Enhanced Infrared Photosensitivity in DPP based Polymer Sensitized MoS₂ Phototransistor

Two-dimensional semiconductors particularly Transition Metal Dichalcogenides (TMDCs) hold promising potential in future optoelectronic applications due to their high photoresponsivity and tunable band structure for broadband photodetection. Infrared (IR) photodetectors play a key role in various applications, including image sensing, communications, environmental monitoring, remote control, day and night-time surveillance, and chemical/biological sensing. Photo response of 2D TMDCs materials in the IR spectral region is one of the challenging tasks due to their band edge absorption. Here, we report the high photo-response behavior of a few-layered MoS₂ Field-effect Transistor (FET), sensitizing the surface of MoS₂ with IR absorbing DPPTT polymer.
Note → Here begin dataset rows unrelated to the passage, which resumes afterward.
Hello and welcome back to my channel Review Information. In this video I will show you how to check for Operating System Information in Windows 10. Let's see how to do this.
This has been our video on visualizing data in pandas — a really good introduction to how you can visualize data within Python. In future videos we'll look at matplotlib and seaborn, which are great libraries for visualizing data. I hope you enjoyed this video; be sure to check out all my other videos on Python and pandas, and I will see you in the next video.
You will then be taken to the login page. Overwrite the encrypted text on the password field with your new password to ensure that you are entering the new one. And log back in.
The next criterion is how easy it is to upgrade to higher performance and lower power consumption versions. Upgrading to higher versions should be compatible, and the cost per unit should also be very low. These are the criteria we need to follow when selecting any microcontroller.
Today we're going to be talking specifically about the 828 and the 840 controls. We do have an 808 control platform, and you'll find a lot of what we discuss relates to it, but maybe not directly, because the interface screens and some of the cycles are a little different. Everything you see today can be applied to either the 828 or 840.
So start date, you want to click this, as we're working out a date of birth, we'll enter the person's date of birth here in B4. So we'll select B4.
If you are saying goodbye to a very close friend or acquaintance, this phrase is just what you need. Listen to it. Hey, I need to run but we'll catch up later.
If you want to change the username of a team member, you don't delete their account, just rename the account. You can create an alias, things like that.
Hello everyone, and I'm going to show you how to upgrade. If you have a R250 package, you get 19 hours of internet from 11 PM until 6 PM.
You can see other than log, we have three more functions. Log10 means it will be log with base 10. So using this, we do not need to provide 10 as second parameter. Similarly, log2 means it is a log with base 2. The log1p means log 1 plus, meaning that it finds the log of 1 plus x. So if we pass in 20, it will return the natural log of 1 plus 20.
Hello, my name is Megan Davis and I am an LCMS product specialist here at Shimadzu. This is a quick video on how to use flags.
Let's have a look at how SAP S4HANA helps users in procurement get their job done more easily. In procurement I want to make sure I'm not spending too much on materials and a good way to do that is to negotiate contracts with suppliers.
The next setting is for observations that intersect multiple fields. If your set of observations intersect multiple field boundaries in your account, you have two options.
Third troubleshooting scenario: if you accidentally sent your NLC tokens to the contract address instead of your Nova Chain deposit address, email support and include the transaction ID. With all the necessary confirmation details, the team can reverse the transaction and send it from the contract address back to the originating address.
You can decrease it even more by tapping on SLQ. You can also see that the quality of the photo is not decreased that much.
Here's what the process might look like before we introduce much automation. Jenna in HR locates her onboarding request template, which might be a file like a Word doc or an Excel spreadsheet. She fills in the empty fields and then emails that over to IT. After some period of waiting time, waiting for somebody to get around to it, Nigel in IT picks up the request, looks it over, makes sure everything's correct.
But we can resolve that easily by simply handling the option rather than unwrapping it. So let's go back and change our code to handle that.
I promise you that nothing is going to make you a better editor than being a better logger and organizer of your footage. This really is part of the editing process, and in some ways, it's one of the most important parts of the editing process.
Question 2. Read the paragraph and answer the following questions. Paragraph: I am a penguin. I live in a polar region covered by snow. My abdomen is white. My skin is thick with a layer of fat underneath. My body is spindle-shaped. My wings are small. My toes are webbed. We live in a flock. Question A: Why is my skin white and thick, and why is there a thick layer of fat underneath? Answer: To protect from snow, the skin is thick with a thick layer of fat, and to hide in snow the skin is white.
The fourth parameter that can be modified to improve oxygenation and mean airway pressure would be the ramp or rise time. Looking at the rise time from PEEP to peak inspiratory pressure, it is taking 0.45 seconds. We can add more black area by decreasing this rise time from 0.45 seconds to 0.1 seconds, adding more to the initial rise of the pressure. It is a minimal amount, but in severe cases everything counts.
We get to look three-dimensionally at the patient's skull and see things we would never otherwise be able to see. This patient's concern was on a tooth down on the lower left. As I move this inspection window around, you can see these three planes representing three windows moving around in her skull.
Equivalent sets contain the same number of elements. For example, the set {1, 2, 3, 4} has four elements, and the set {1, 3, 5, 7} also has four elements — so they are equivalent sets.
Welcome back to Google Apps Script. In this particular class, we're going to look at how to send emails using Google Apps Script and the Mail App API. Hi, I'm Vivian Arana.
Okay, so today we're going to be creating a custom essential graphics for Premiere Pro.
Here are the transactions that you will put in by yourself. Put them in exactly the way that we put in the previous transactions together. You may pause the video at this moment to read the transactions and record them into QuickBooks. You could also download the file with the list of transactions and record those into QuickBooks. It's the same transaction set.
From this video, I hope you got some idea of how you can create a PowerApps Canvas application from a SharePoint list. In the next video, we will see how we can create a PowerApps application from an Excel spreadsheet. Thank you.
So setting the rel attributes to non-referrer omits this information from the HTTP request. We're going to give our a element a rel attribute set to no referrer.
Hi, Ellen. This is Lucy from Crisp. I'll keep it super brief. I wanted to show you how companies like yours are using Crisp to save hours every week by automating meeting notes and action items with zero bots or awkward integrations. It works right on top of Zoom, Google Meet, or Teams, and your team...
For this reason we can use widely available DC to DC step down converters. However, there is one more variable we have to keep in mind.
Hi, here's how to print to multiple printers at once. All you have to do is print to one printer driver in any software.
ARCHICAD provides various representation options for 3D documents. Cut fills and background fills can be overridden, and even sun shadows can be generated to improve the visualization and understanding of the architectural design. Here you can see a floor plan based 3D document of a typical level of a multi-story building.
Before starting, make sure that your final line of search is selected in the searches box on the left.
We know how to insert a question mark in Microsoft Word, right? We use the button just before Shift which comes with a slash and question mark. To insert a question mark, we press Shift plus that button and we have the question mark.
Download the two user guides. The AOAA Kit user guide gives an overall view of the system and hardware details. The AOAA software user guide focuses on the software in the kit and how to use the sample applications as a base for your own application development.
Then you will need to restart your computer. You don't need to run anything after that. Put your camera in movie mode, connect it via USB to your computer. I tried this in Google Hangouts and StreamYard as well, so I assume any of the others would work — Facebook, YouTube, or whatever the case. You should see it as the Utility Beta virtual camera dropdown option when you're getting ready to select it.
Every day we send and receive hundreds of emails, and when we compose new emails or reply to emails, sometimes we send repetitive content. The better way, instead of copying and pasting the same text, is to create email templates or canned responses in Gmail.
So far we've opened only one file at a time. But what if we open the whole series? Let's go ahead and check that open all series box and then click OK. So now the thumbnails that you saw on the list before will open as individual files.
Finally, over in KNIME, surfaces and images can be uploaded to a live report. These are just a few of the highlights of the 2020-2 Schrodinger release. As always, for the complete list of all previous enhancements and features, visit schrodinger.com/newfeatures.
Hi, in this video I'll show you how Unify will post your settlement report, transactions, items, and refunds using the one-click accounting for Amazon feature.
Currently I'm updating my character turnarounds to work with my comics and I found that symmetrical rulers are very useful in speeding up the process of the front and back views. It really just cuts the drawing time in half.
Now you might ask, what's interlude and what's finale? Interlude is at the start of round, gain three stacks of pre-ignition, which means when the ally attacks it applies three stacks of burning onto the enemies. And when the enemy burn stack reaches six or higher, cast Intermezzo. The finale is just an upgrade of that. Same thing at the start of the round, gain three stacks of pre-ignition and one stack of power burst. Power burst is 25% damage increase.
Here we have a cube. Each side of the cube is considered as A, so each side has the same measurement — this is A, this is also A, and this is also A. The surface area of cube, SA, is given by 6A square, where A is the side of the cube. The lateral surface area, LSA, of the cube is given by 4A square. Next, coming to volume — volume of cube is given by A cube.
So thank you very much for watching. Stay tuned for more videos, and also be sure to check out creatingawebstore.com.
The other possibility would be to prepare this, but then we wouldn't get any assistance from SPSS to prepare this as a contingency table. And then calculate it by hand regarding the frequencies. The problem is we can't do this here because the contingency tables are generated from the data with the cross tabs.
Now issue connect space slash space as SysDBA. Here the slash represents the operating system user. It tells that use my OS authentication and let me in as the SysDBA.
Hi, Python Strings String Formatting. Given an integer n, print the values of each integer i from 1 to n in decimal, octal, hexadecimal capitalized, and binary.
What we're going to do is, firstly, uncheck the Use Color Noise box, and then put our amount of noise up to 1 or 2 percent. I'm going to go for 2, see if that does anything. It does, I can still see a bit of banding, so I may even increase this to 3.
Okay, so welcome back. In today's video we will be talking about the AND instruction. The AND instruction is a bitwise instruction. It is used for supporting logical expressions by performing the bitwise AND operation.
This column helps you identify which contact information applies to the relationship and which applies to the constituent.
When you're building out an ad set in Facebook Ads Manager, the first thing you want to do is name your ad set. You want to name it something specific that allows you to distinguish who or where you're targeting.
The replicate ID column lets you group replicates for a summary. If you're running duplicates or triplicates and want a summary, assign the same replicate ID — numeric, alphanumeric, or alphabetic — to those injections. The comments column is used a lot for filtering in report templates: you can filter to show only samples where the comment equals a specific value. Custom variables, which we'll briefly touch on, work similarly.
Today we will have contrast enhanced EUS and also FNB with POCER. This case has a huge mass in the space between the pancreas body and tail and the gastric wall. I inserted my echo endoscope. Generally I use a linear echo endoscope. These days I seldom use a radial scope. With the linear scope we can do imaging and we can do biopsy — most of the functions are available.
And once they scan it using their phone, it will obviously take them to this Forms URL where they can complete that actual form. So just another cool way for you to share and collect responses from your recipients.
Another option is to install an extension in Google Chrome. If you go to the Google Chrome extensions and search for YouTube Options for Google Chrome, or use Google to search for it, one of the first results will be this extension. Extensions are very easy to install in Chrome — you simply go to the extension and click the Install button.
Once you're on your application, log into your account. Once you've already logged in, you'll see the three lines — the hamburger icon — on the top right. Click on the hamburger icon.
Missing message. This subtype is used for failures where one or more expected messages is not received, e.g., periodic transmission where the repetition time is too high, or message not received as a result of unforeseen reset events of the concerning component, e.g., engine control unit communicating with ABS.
The proposed photodetector sensitized with DPPTT polymer shows an enhanced photocurrent response under the IR spectral range from 800 nm – 1050 nm with a high photocurrent responsivity of R = 10³ A/W where the pristine MoS₂ phototransistor fails to produce any responsivity. The photocurrent of the pristine MoS₂ phototransistor and the DPPTT polymer sensitized MoS₂ phototransistors are measured under white light illumination using a halogen lamp source. Under the white light, the R value of hybrid DPPTT coated MoS₂ phototransistor is higher, R = 398 A/W compared to its pristine MoS₂, R = 155 A/W at V_bg = 20V. The large photo response in the hybrid phototransistor device is due to the increase of IR absorption on DPPTT polymer and subsequent charge transfer to the MoS₂ layers. Photo-to-Dark Current Ratio (PDCR) in our hybrid MoS₂/Polymer Phototransistor is 70 at 800 nm and decreased to 10 at 1050 nm and Detectivity (D) in the range of 10¹¹ to 10⁹. Our study revealed that 2D semiconductor with IR absorbing polymer may pave the way to design the high sensitivity IR photodetector for promising optoelectronic applications.